The rules configured by the user are displayed here and can be modified.

Inherited rules

This section displays the rules inherited by the user from the groups they belong to.


Managing User Groups

Creating New Group

Open the Administration | Groups page and сlick Create new group. In the dialog, specify the group name. TeamCity will create an editable Group Key, which is a unique group identifier.

When creating a group, you can select the parent group(s) for it. All roles and notification rules configured for the parent group will be automatically assigned to the current group. To place the current group to the top level, deselect all groups in the list.

Editing Group Settings

To edit a group, click its name on the Groups tab. You can modify the group name and description as well as parent group(s), and change the list of users, roles and permissions, and notification settings for the group.

Icon

The All Users group includes all users and cannot be deleted. However, you can modify its roles and notification settings.

The Roles tab allows you to view and edit (assign/unassign) default roles for the current group.
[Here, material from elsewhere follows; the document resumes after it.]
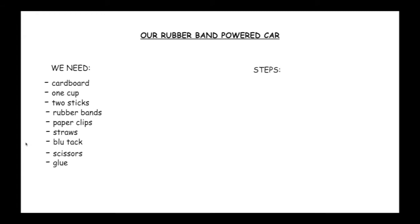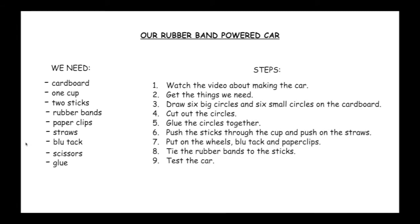Now we know what materials we need to make the rubber band powered car. We need to know the steps to follow to make it. Let's take a look. Step 1: Watch the video about making the car. Step 2: Get the things we need. Step 3: Draw six big circles and six small circles on the cardboard. Step 4: Cut out the circles. Step 5: Glue the circles together. Step 6: Push the sticks through the cup and push on the straws. Step 7: Put on the wheels, blu-tack and paper clips.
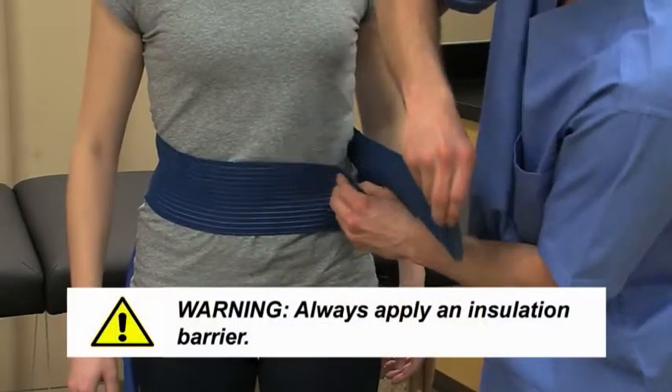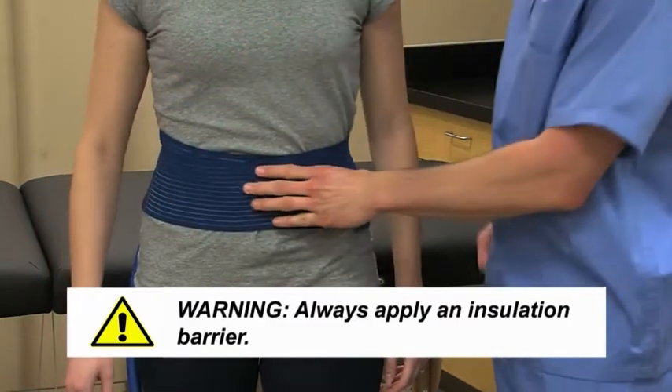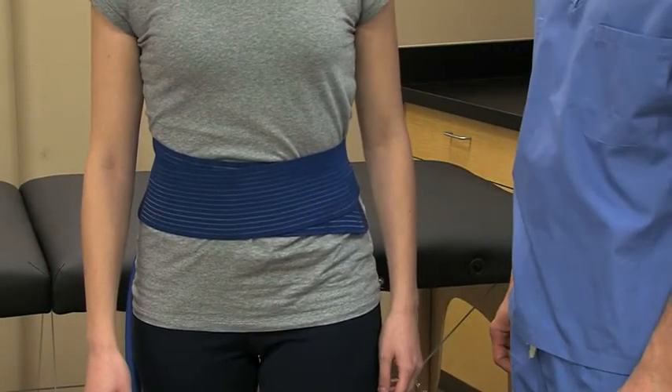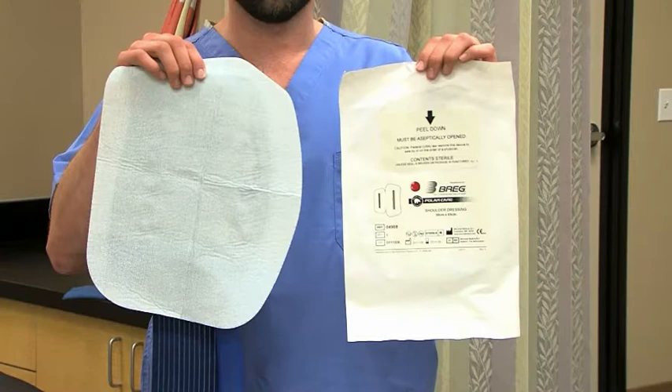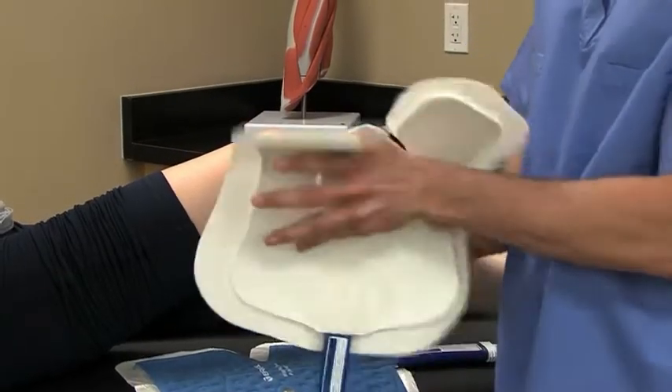To apply the pad, always use an insulation barrier that prevents the pad from directly touching the skin, like a Breg Polar Dressing, WebRoll, Curlix, Cast Padding, or an elastic bandage. Breg Polar Dressings provide a sterile, water-impermeable insulation barrier that covers the entire surface of the pad and includes a self-adhesive strip for easy application.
These roles will be automatically assigned to all users in the group.
Default roles for a user group are divided in two groups:

  • roles inherited from a parent group. Inherited roles can not be unassigned from the group.
  • roles assigned explicitly to the group

To assign a role for the current group explicitly, click the Assign role link.
To view permissions granted to a role, click the View roles permissions link.
You can also specify notification rules to be applied to all users in the current group. To learn more about notification rules, please refer to Subscribing to Notifications.

Adding Multiple Users to Group

On the Users page, select users, click the Add to groups button at the bottom, and specify the groups  to add the users to. Note that all these users will inherit the roles defined for the group.



See also:

  • No labels

3 Comments

  1. Is there anywhere a complete list of permissions and precisely what they grant access to? Can someone add a link to it from here and anywhere else that talks about permissions?

    For instance, 'Administer build agent machines (e.g. reboot, view agent logs, etc.)' doesn't tell me what 'etc' includes.

    I need to allow develpers to reboot agents before a particular build, to help ensure that phones physically connected to that agent are accessible (Apple's USB stack drops Android devices unpredictably), so I need developers to be able to activate curl "http://MyTeamCityServerURL/remoteAccess/reboot.html?agent=${AGENT_ID}&rebootAfterBuild=true" in a dependency task, but I don't want them creating new agents and whatever else.

    1. Tim, the TeamCity Web UI lists all available permissions grouped by roles on the Administration | Roles page (in the User Management section). You can modify the existing roles and create new ones using this page.

      However, the description of the  'Administer build agent machines' permission may indeed be not the most fortunate. To clarify, this permission allows users to:

      • Clean sources on this agent
      • Reboot Agent Machine
      • Dump threads on agent
      • View agent logs.

      As for creating new agents, you need the System Administrator role to install and authorize new agents. 

      1. Thanks for getting back to me. On review, it was only the 'Administer build agent machines' permission that was unclear - I made the incorrect assumption that others in the list might be similarly unclear.

        It's odd that granting that permission to (for example) the guest user doesn't also allow the guest user to navigate from the Agents page to the page of each individual agent, in order to perform a reboot. I'll add that to my ticket about the reboot link not working for such a user with that permission.